A few minutes after the call was received, private security guards inside the park dispersed a crowd near the lighting and sound tower. A guard noticed a knapsack and a bomb-squad was quickly dispatched to the area.
The team discovered the pipe bomb and tried to move spectators away.
But before they could clear the site, the bomb exploded.
A spokesman for AT&T;, which sponsored the stage shows at the park, said an AT&T; security officer spotted the knapsack 30 minutes to an hour before the explosion. That is earlier than the FBI account.
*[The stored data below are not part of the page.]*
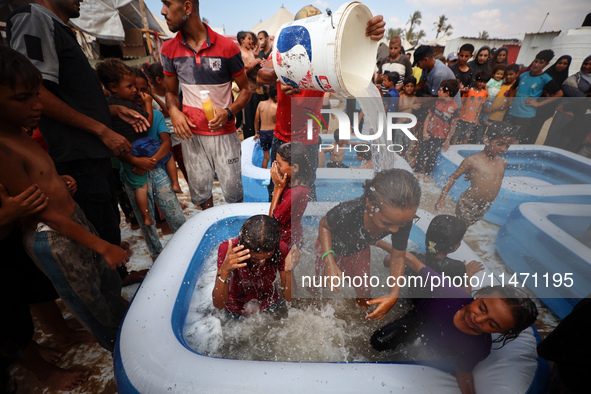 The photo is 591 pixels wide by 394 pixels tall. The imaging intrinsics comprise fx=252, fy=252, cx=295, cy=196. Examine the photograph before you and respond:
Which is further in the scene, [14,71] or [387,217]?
[387,217]

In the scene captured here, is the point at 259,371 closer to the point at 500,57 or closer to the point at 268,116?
the point at 268,116

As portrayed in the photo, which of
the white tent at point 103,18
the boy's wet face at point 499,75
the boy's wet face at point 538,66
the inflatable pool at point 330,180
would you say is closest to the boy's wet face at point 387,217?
the inflatable pool at point 330,180

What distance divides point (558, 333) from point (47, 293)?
8.91 feet

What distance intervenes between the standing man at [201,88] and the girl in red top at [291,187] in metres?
0.68

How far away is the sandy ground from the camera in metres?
1.63

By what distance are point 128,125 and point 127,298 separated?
151cm

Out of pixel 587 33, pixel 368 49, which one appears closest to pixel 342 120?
pixel 368 49

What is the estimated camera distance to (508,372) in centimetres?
127

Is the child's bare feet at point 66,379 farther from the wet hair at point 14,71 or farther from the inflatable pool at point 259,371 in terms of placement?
the wet hair at point 14,71

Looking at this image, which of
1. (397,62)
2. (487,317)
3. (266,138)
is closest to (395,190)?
(487,317)

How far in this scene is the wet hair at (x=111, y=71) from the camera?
1.99m

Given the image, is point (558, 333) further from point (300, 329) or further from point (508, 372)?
point (300, 329)

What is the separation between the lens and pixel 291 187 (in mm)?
1908

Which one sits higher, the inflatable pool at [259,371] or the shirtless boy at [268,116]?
the shirtless boy at [268,116] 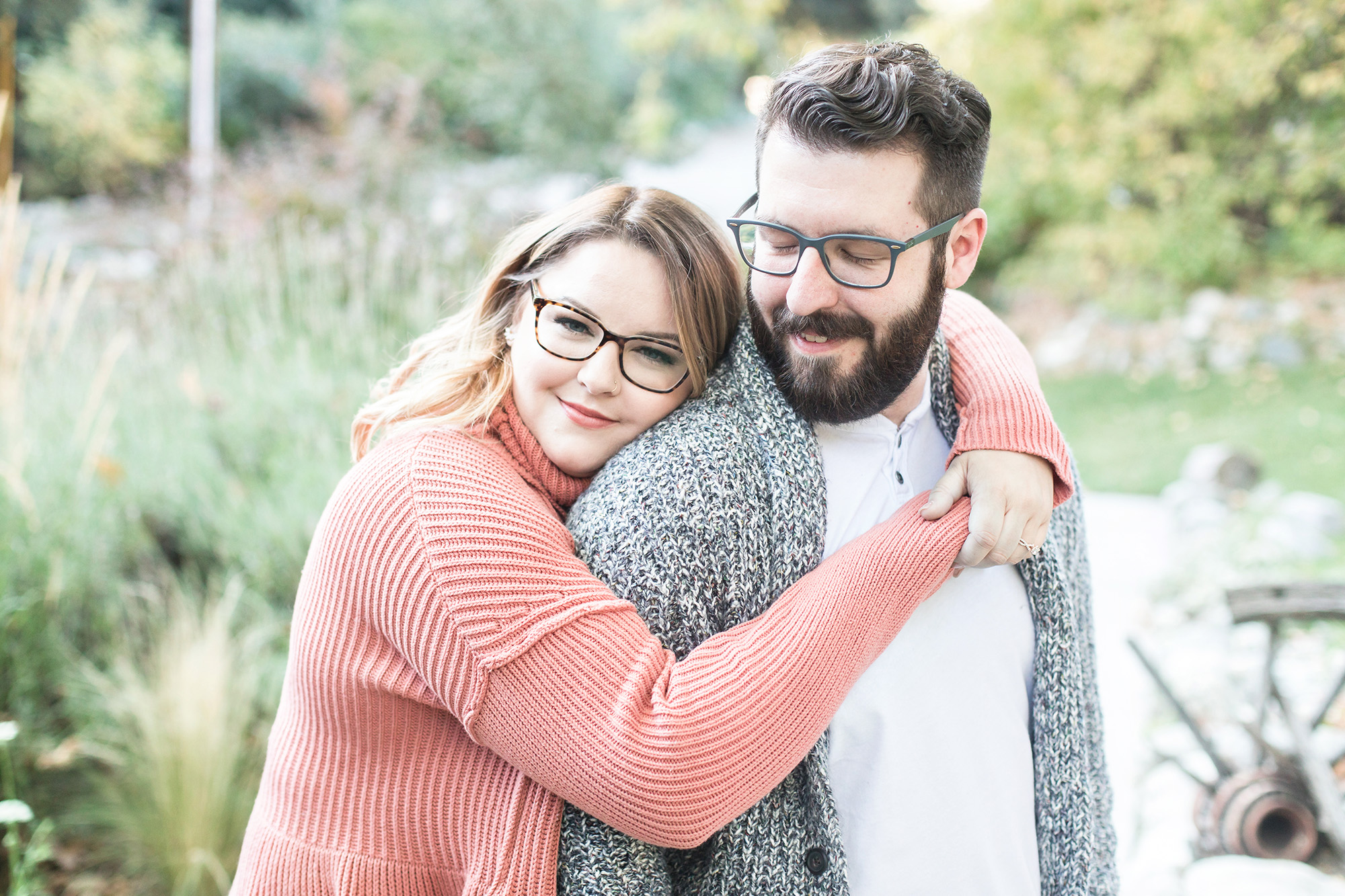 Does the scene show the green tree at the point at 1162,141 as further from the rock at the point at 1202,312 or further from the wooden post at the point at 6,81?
the wooden post at the point at 6,81

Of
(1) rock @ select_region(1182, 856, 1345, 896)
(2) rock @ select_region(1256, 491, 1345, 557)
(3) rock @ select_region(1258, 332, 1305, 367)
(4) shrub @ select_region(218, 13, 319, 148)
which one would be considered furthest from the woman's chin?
(4) shrub @ select_region(218, 13, 319, 148)

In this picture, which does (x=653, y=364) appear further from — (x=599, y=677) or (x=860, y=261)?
(x=599, y=677)

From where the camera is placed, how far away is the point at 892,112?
1511 mm

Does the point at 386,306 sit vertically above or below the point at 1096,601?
above

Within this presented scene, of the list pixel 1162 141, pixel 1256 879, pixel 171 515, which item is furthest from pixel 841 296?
pixel 1162 141

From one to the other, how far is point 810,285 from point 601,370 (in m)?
0.34

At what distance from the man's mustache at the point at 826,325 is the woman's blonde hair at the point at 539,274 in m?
0.14

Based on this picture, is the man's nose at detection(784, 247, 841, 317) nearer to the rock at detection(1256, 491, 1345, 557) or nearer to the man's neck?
the man's neck

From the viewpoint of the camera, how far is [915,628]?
1.56m

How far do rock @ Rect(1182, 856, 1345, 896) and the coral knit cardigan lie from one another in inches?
72.6

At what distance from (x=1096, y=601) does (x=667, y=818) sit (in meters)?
4.70

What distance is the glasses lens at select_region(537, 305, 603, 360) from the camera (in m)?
1.56

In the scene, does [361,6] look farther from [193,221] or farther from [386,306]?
[386,306]

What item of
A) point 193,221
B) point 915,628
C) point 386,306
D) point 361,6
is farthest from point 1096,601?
point 361,6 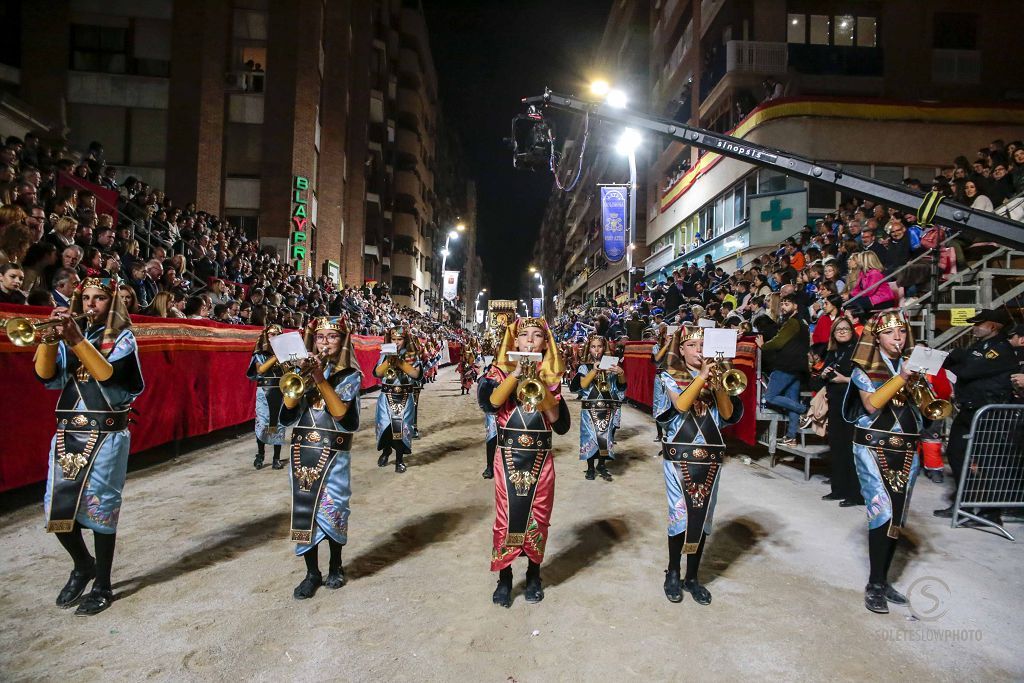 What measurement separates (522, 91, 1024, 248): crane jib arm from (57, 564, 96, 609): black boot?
953 centimetres

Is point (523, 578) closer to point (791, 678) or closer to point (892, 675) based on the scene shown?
point (791, 678)

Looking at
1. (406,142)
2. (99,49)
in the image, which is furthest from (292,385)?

Several Olympic athletes were in a nearby corporate pavilion, though none were apparently hurt.
'My ears were ringing'
"I heard a loud bang," said Canadian swimmer Iain Sydie. "My ears were ringing. I didn't know what a bomb sounded like. But I knew it was something abnormal. The security told us to hit the floor. And when they did that, I knew it was serious."
Even before this blast, there were security concerns about the Games, which got off to a glitch-filled start.
An armed man posing as a security guard walked into the opening ceremonies unquestioned before finally being discovered. There also were a rash of bomb scares in the days leading up to the Games, culminating with a bomb threat the night of the opening ceremonies.
Officials also were desperately trying to tighten Olympic security in the wake of the explosion aboard TWA Flight 800.
"The games will go on," said Francois Carrard, director general of the International Olympic Committee.
And they did.
"I think we never got close to canceling the event," Carrard said. "We consulted, we assessed the situation."
LTC "We are living in a society in which violence and violent acts are not absent," he said.
"This was in a totally open park. The device used, we cannot draw any conclusions now, but I want to emphasize again, we consider the security at the venues as excellent."